DATA SUPPLIED:
_ _ _ _

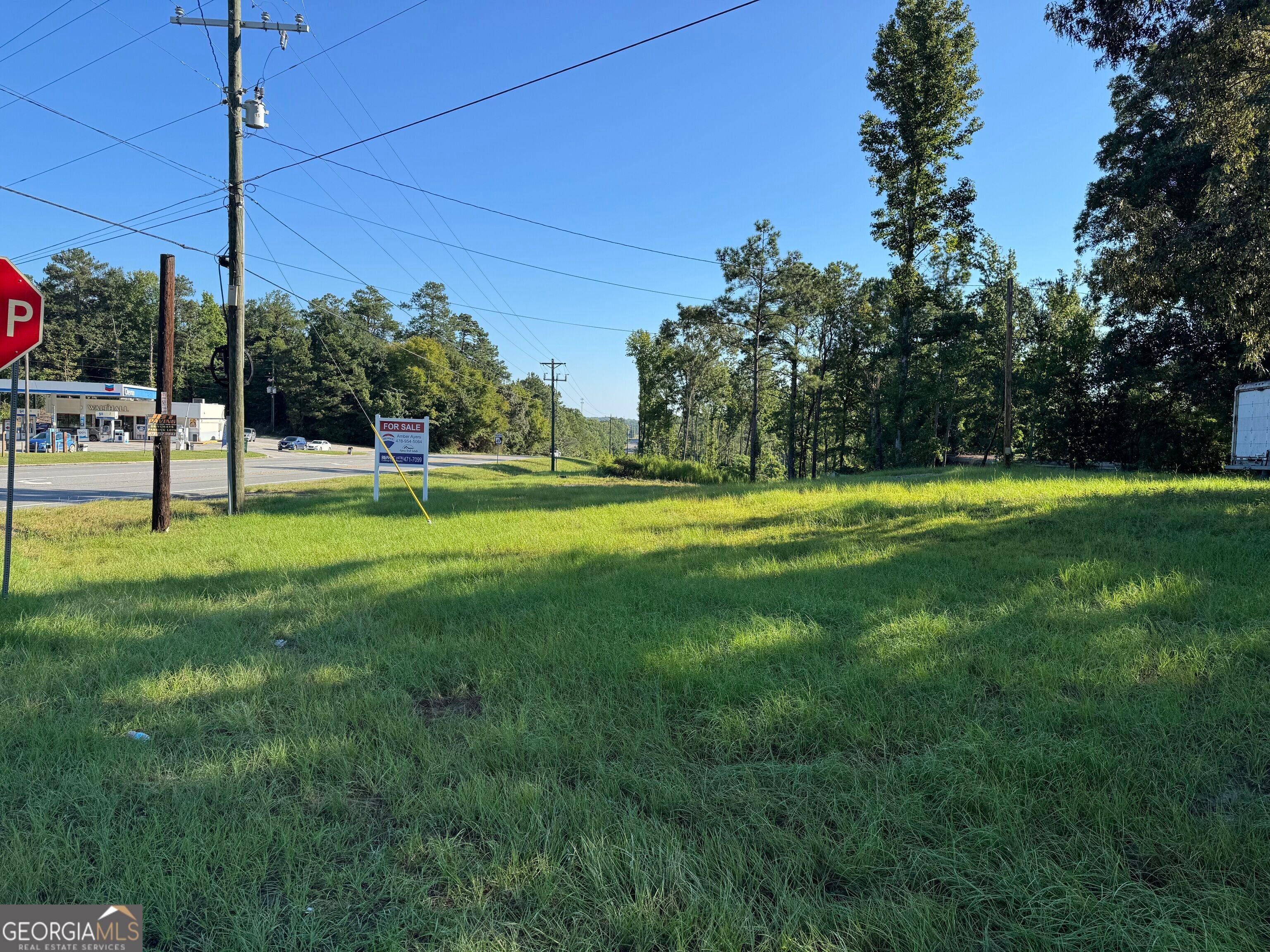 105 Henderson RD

_ _ _ _

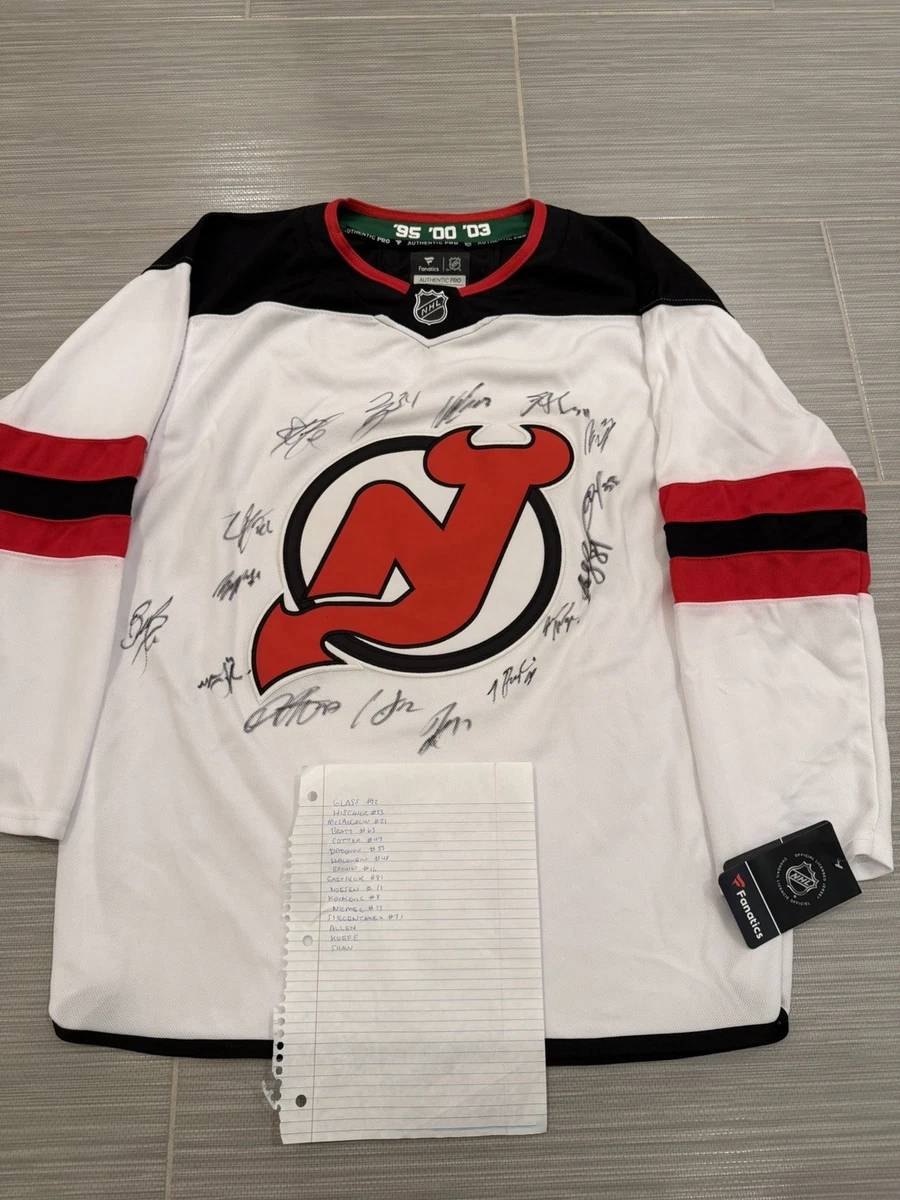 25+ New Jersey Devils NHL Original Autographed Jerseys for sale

_ _ _ _

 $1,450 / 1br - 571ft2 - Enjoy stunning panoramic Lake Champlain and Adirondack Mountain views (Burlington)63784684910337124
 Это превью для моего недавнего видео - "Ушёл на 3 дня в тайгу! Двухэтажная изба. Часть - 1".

_ _ _ _

ACTIVITY:
Within the material above, the line with "Mountain views (Burlington)63784684910337124" opens the range and the line with "Это превью для" closes it; reproduce that range word for word.

OUTPUT OF THE EXERCISE:
 $1,450 / 1br - 571ft2 - Enjoy stunning panoramic Lake Champlain and Adirondack Mountain views (Burlington)63784684910337124
 Это превью для моего недавнего видео - "Ушёл на 3 дня в тайгу! Двухэтажная изба. Часть - 1".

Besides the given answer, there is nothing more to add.